[Captioned web image data]
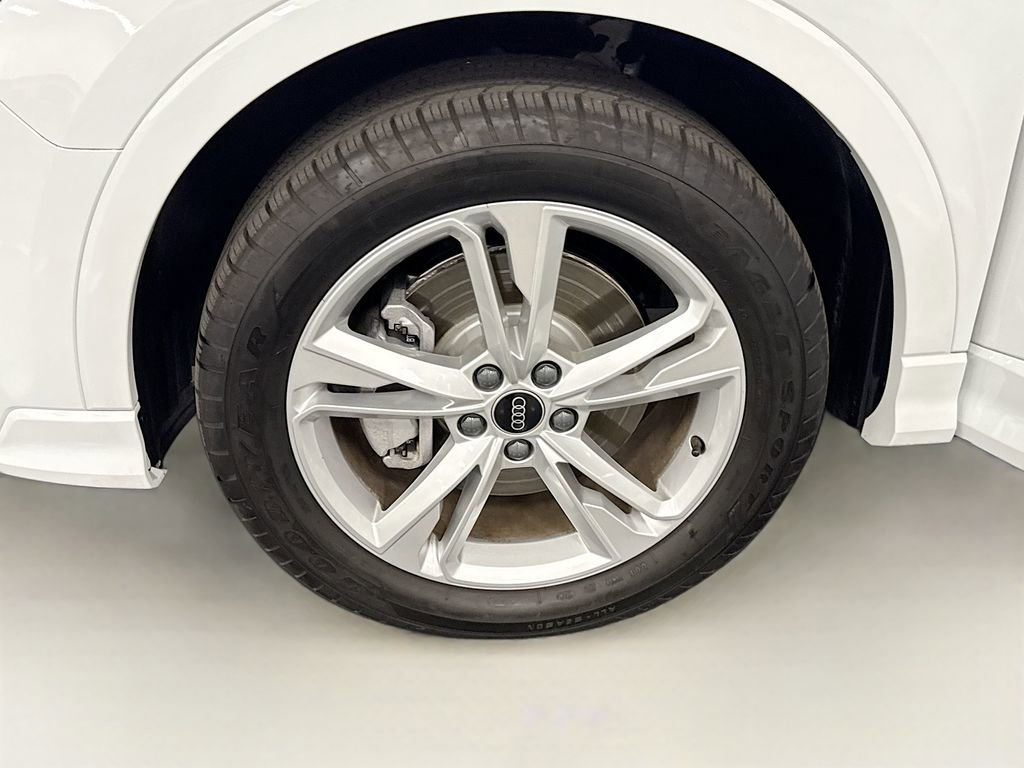 Certified 2024 Audi Q3 2.0T Premium Plus image 28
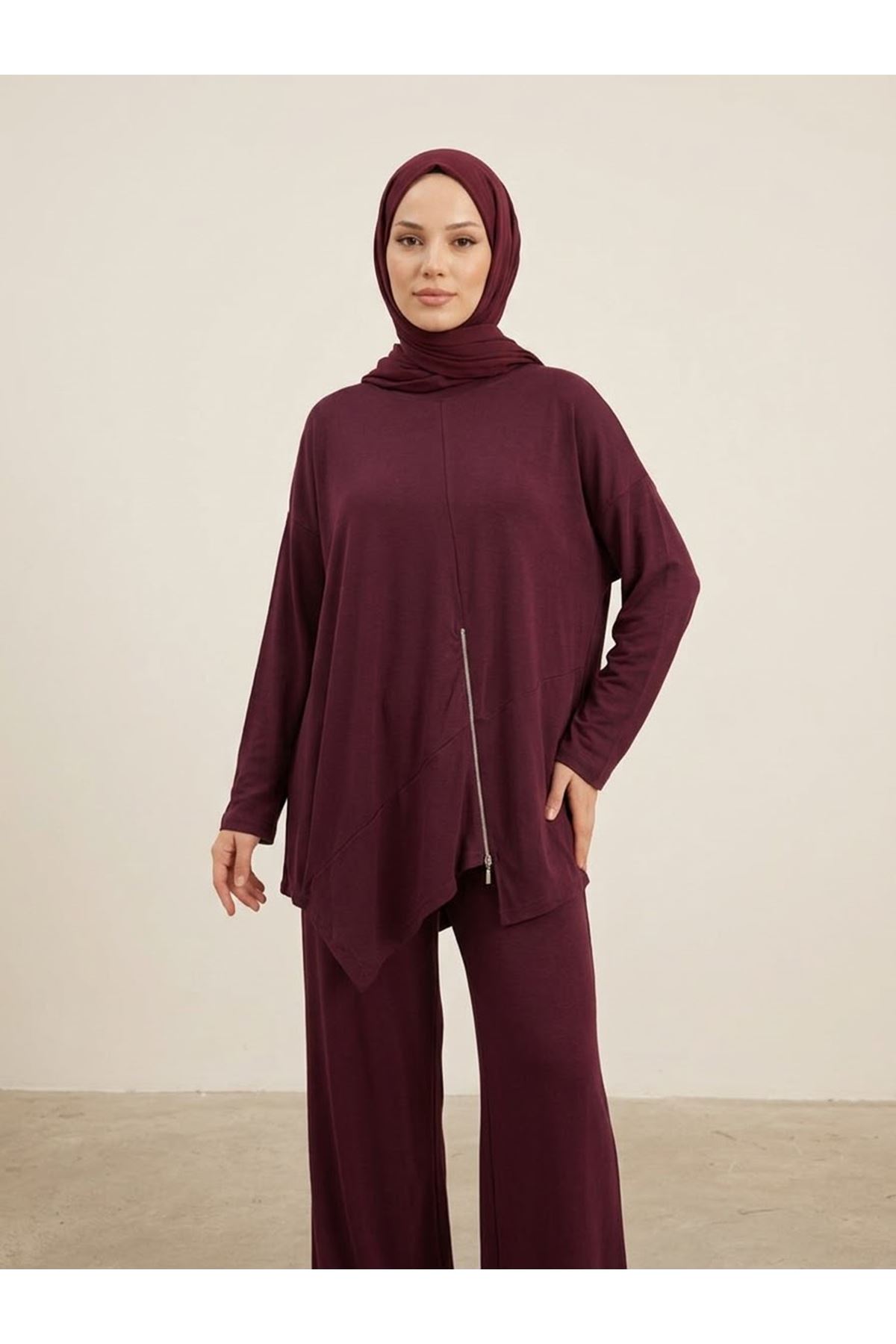 PİT00528-BRD Fermuar Detay Asimetrik  Kesim Pantolonlu Takım-Bordo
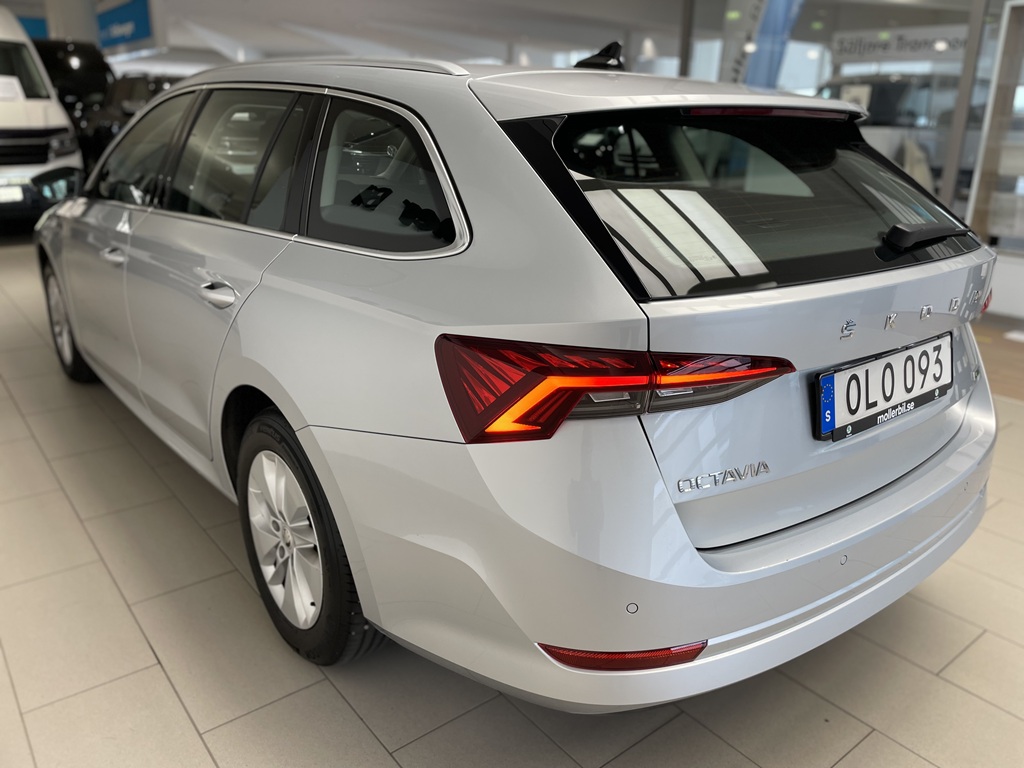 Skoda Octavia Combi OLO093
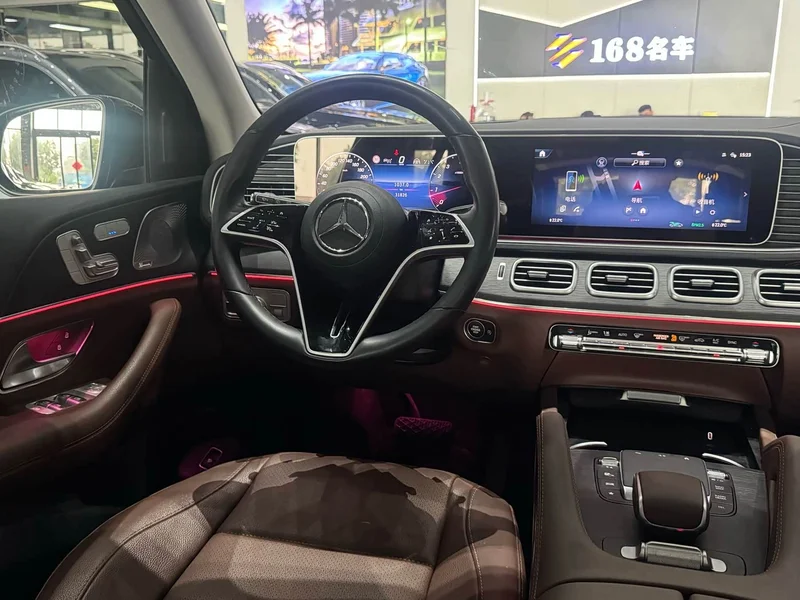 Mercedes-Benz GLE — фото 11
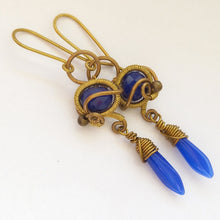 Kép betöltése a galériamegjelenítőbe: brass wire erapped earrings with blue beads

PROBLEM TO SOLVE: When you output the entries, keep each line exactly as it is and leave out any pictures.

RESULT:
 Certified 2024 Audi Q3 2.0T Premium Plus image 28
 PİT00528-BRD Fermuar Detay Asimetrik  Kesim Pantolonlu Takım-Bordo
 Skoda Octavia Combi OLO093
 Mercedes-Benz GLE — фото 11
 Kép betöltése a galériamegjelenítőbe: brass wire erapped earrings with blue beads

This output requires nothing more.